**BRIEF**.
Below are the records; repeat exactly their lines between the line holding "a hand holding" and the line holding "Red high-waisted leggings, with", inclusive, skipping the pictures.

**ENTRIES SHOWN**.
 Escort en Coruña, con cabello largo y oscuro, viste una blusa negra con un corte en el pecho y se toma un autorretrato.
...
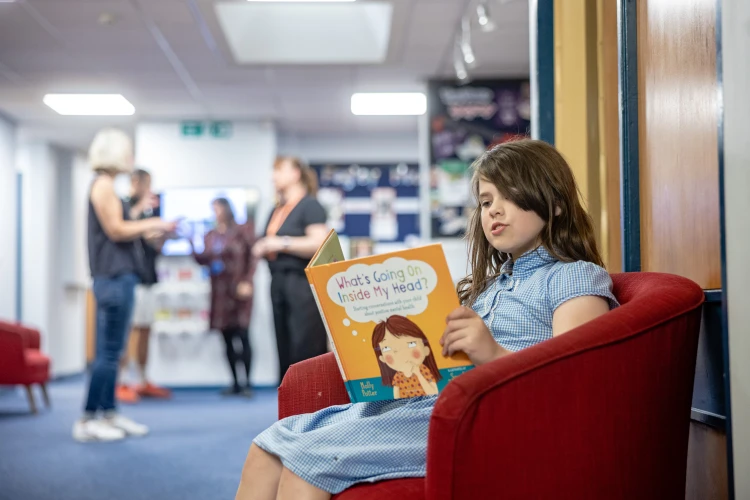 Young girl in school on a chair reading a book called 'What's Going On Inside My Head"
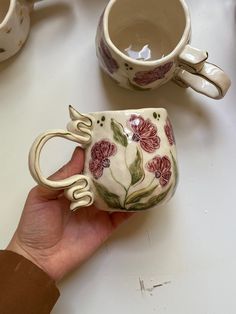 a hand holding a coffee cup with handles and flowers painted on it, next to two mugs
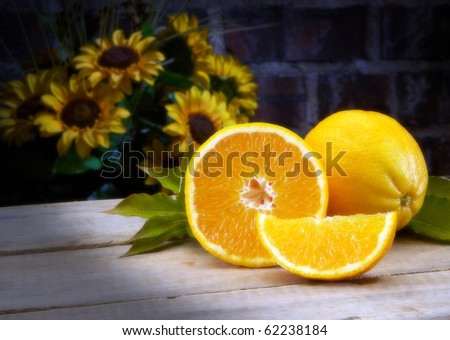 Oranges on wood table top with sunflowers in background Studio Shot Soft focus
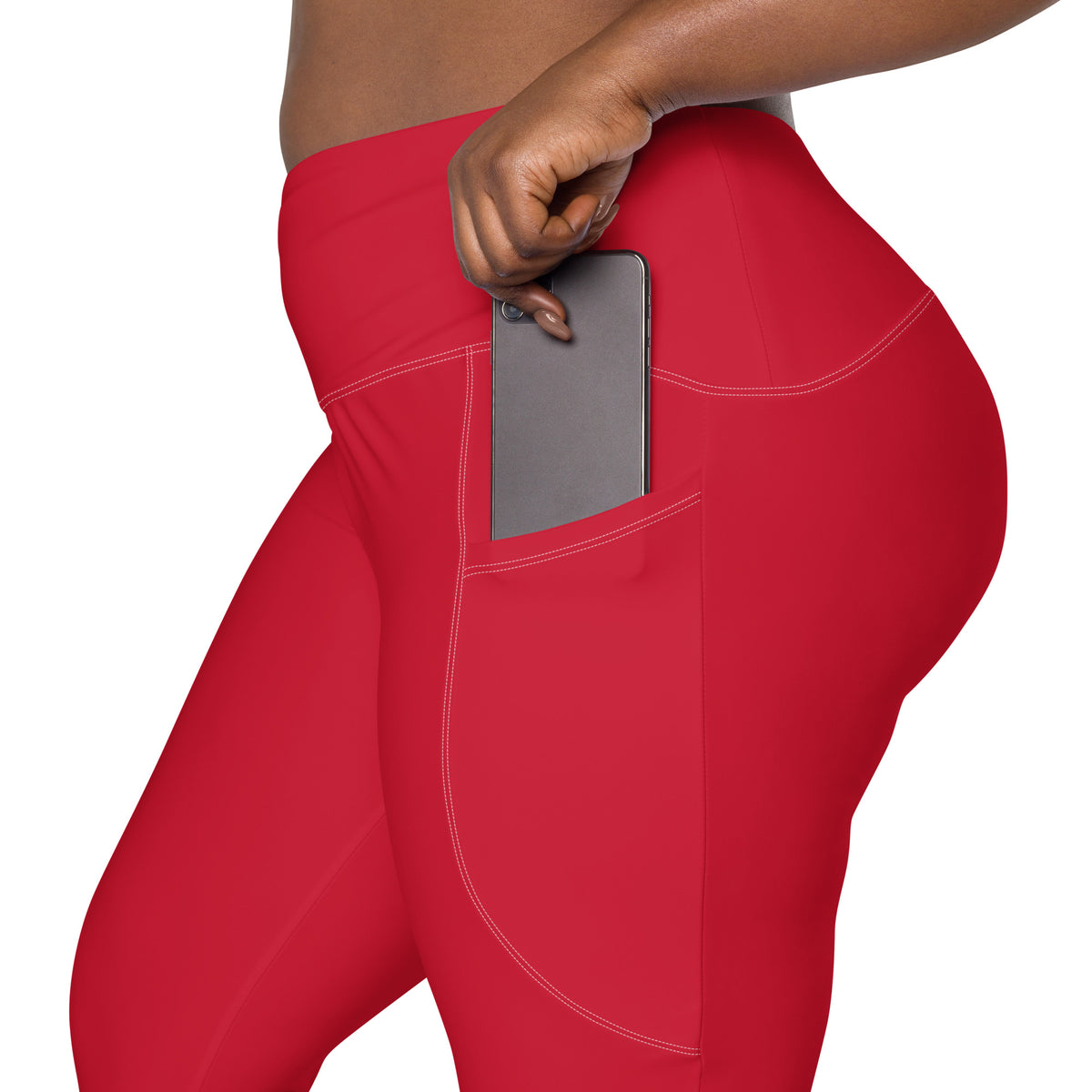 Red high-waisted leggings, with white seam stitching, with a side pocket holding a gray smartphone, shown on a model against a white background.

**COMPLETED EXERCISE**.
 a hand holding a coffee cup with handles and flowers painted on it, next to two mugs
 Oranges on wood table top with sunflowers in background Studio Shot Soft focus
 Red high-waisted leggings, with white seam stitching, with a side pocket holding a gray smartphone, shown on a model against a white background.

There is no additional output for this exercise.